EXERCISE INSTRUCTIONS >> With pictures left out, output exactly the lines from the line holding "Дрель-шуруповерт Bull SR" through the end of the data, both included.

Stored dataset items
----------------
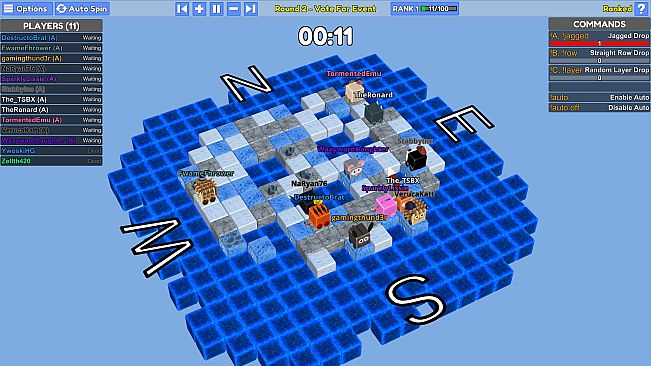 Stream Animals: Free For All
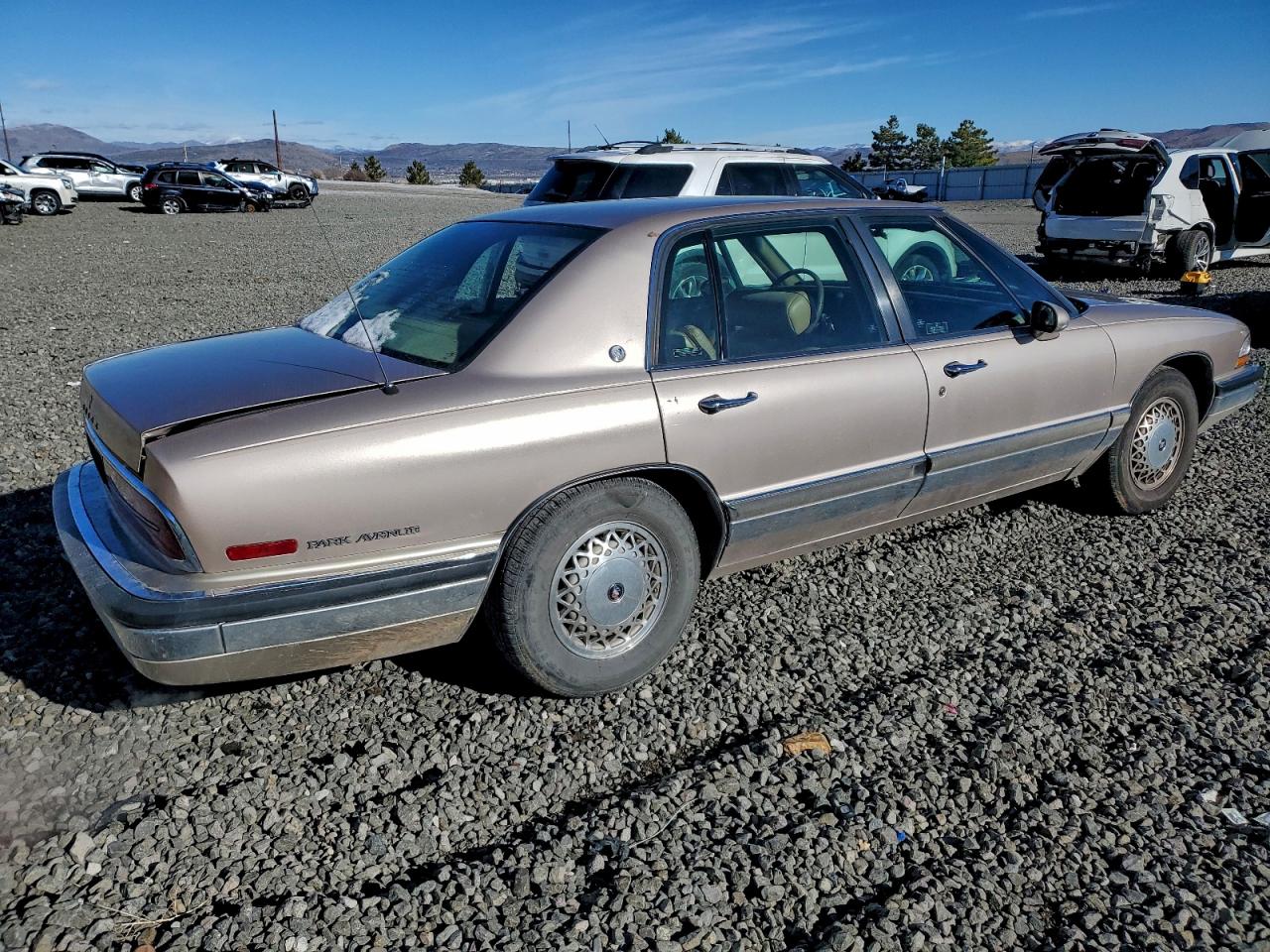 Buick Park Ave Image 10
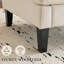 Fauteuil d'appoint 30 po avec pieds rembourrés-980787708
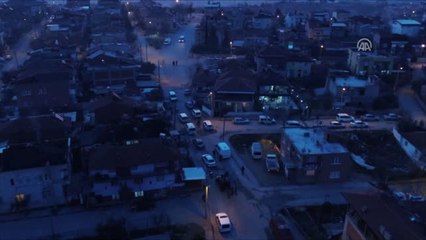 Denizli Polisinden "Drone" Destekli Uyuşturucu Operasyonu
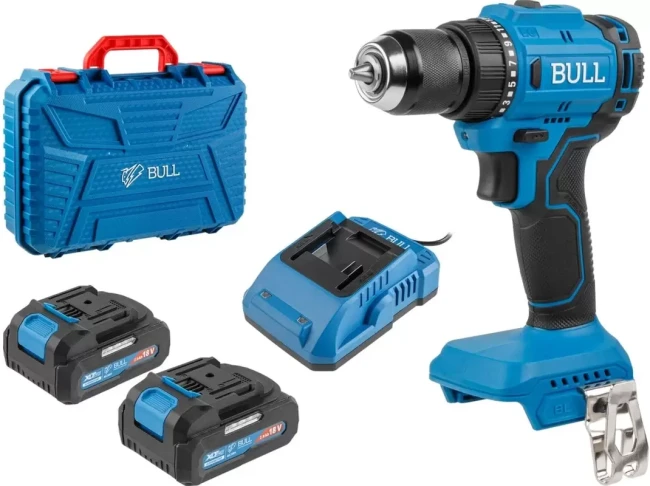 Дрель-шуруповерт Bull SR 1803 Xcase XLTpro (2329055) - фото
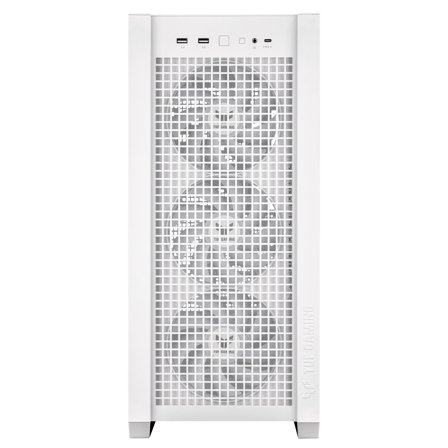 ASUS TUF Gaming GT302 TG ARGB ATX midi-tower - White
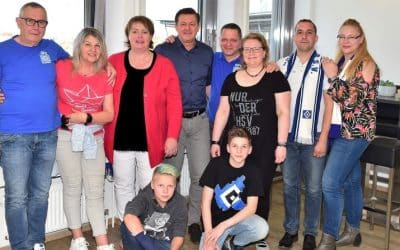 Schirmherr Christian Titz hautnah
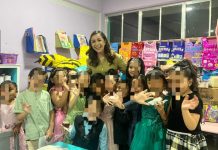 Grecia Aguilar realiza gira por Zitácuaro para convivir con niñas y niños y entrega regalos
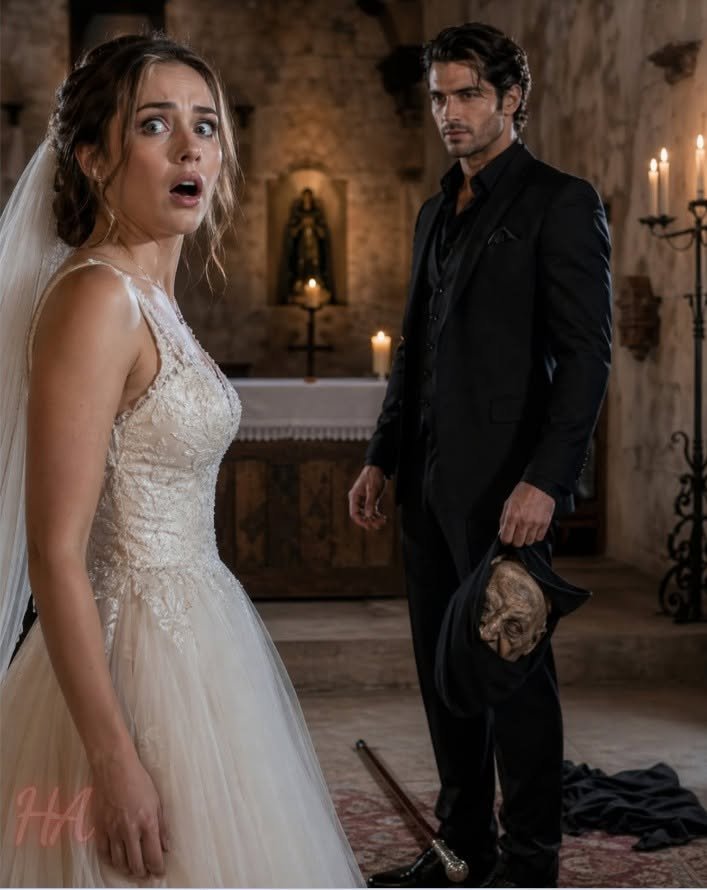 SHE WAS SOLD TO A 90-YEAR-OLD MILLIONAIRE—BUT AT THE ALTAR, HE TOOK OFF THE MASK AND REVEALED THE TRUTH THAT DESTROYED HER FAMILY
----------------
ANSWER SECTION >>
 Дрель-шуруповерт Bull SR 1803 Xcase XLTpro (2329055) - фото
 ASUS TUF Gaming GT302 TG ARGB ATX midi-tower - White
 Schirmherr Christian Titz hautnah
 Grecia Aguilar realiza gira por Zitácuaro para convivir con niñas y niños y entrega regalos
 SHE WAS SOLD TO A 90-YEAR-OLD MILLIONAIRE—BUT AT THE ALTAR, HE TOOK OFF THE MASK AND REVEALED THE TRUTH THAT DESTROYED HER FAMILY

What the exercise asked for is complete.